Out-Law News 1 min. read
14 Jul 2016, 4:15 pm
It was identified in the Greater London Authority's (GLA) most recent strategic housing marking assessment that 15,722 new social homes would be required each year. This is one third of the target total number of new homes in London per year. However, the government has not yet set aside any funding for these homes.
The London Assembly's motion said: "The autumn 2015 Spending Review provided no further funds for social rented homes, and … the Housing and Planning Act 2016 introduced duties for local planning authorities to promote, and grant permission, for Starter Homes, which will come at the expense of social rented homes."
Assembly member Sian Berry who proposed the motion said: "We need [the government] to look seriously at the huge need for low rent housing in London and give us the funds and powers to provide social housing for people on lower incomes.”

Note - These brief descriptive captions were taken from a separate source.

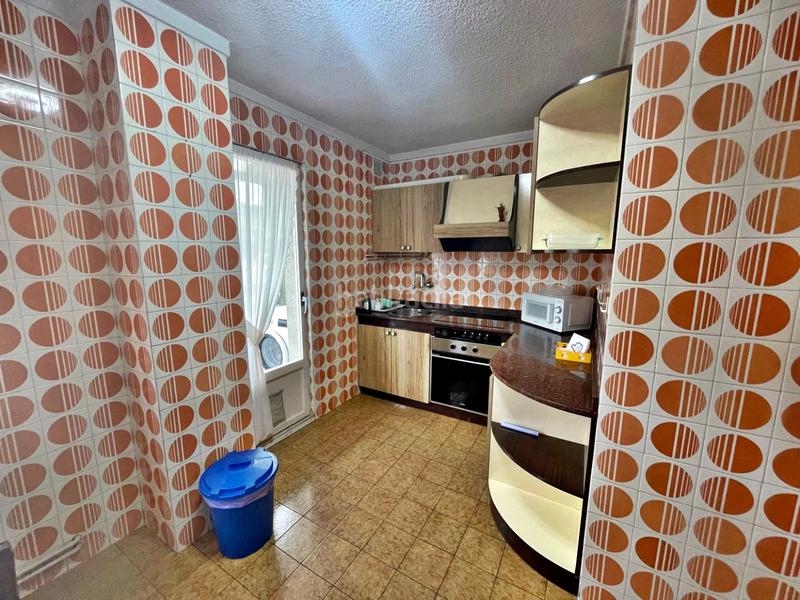 Foto 29049719-7c65-44cc-b0a6-494832df3f0b. Lloguer pis amb calefacció a Renedo Piélagos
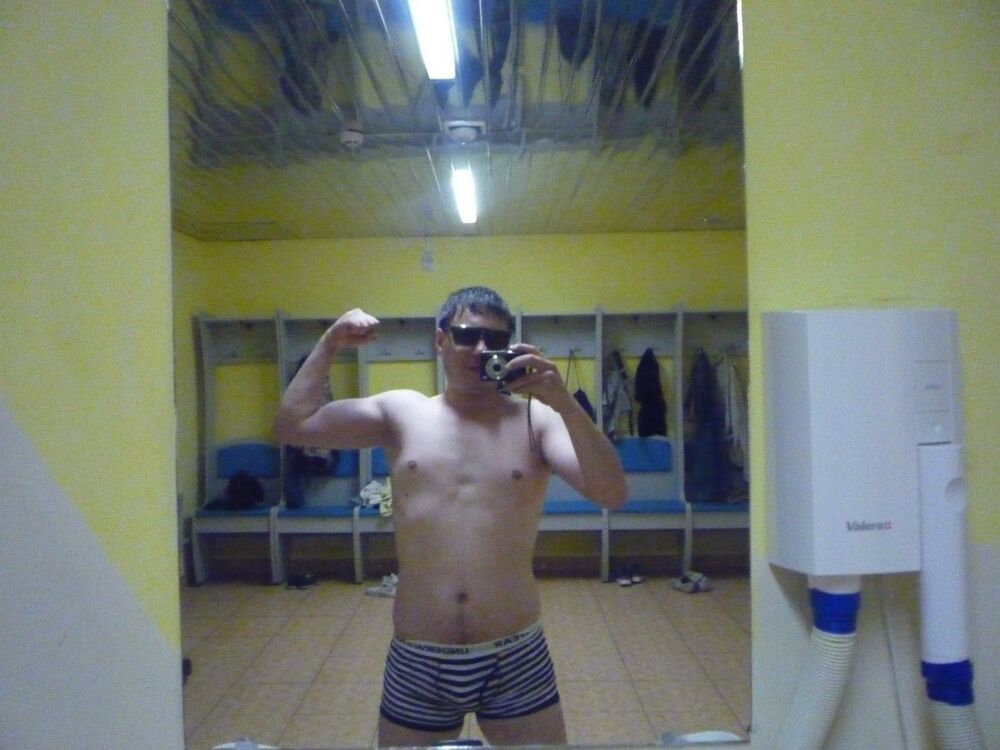 ���� 12199359 ������� ����, 36 ���, ���� ���������� � ��������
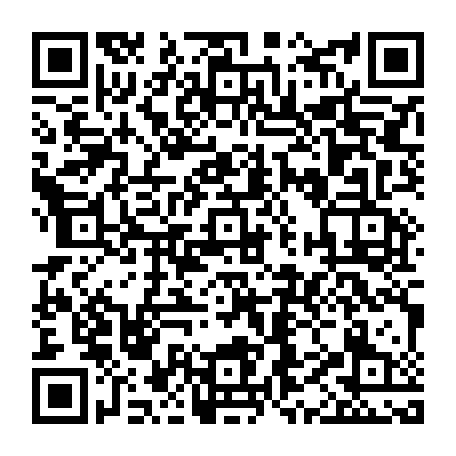79210897385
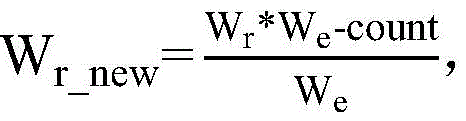 Figure BDA0002984396600000092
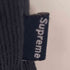 シュプリーム Supreme 00S OLD English Arc Logo オールド イングリッシュ ロゴ スウェット 初期 刺繍 アーチ ロゴ メンズ import:L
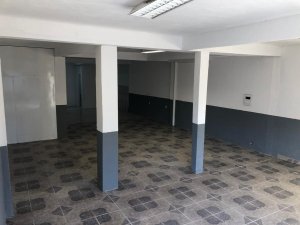 Loja com 130m² no bairro Santa Rosa de Lima em Porto Alegre para Alugar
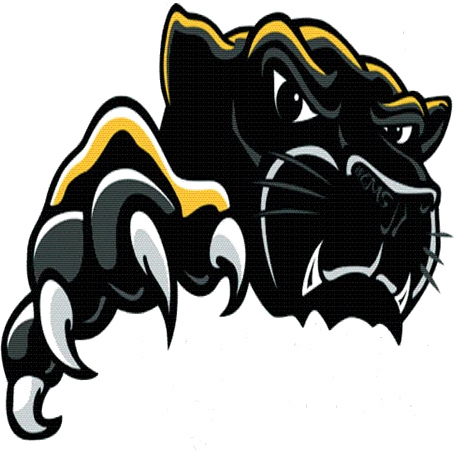 Russellville logo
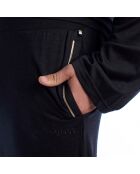 Thermoregulatorischer Pyjama 50550554 marine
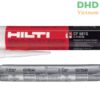 Silicone chống cháy Hilti CP 601s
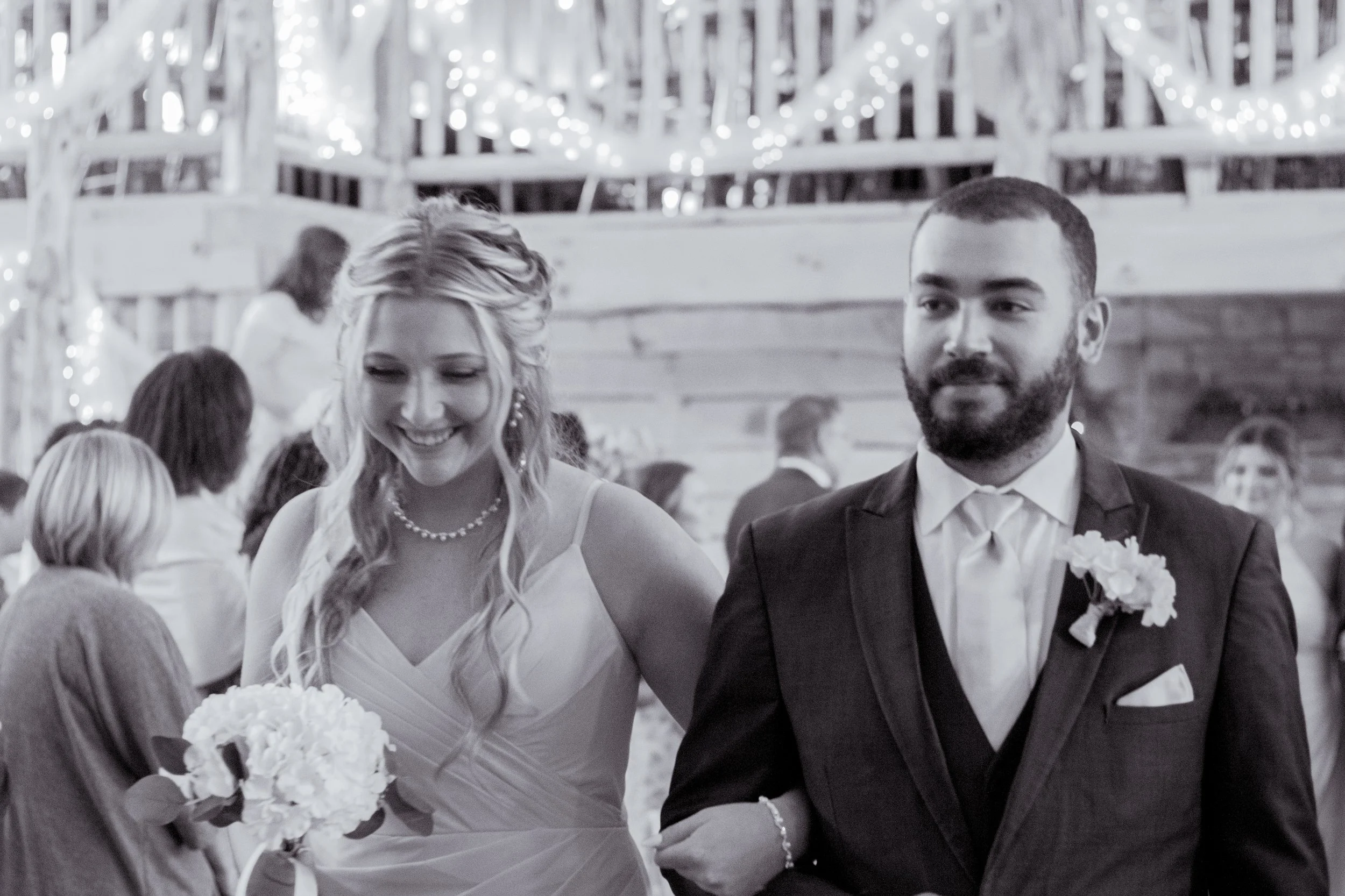 Taylor Wedding-111.jpg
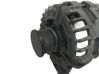 Lichtmaschine 231004BE0B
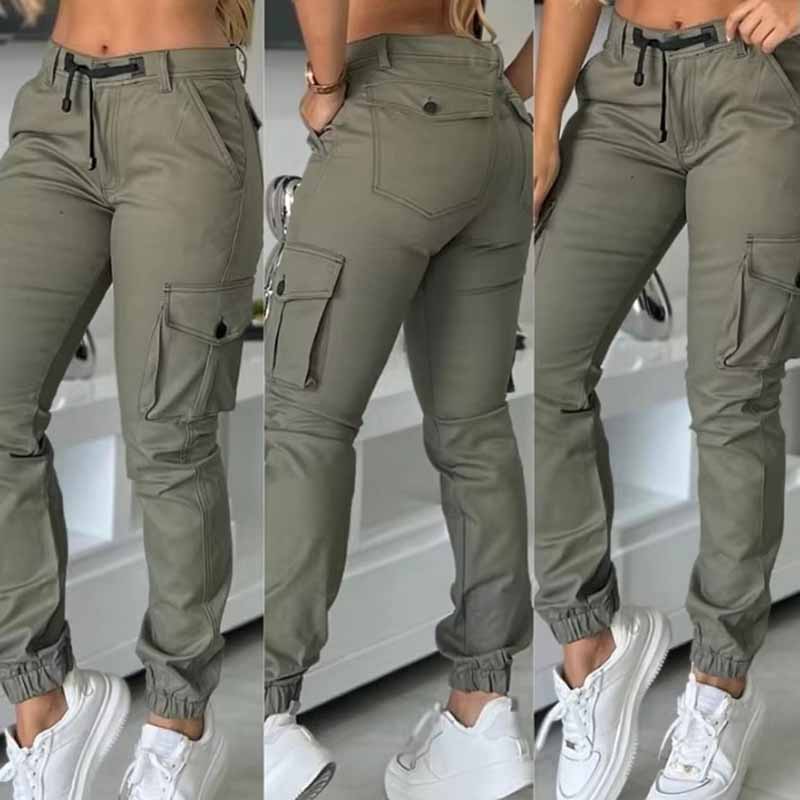 154f7d1e-9116-43f5-b25b-18707420ec43 - shoponestop.store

The Assembly has asked the mayor of London to bring forward a "housing budget and a revised London Plan and Housing Strategy that will continue to provide more social housing."
Planning expert Victoria Lindsay of Pinsent Masons, the law firm behind Out-Law.com, said: "Berry's motion comes just two months following Royal Assent of the Housing and Planning Act 2016 which lays down statutory requirements on local authorities to promote starter homes. Berry's motion criticises the government's starter homes initiative and the manner in which local authorities will be pressured to promote starter homes to the detriment of social housing."
"The detail on starter homes is yet to come forward in the form of regulations which were expected this autumn but which may now slip due to the current political uncertainty post-Brexit. The mayor of London, Sadiq Khan, whose manifesto focussed on delivery of social housing, will be hoping for some form of London carve-out from the starter homes requirement in order to deliver on social housing," Lindsay said.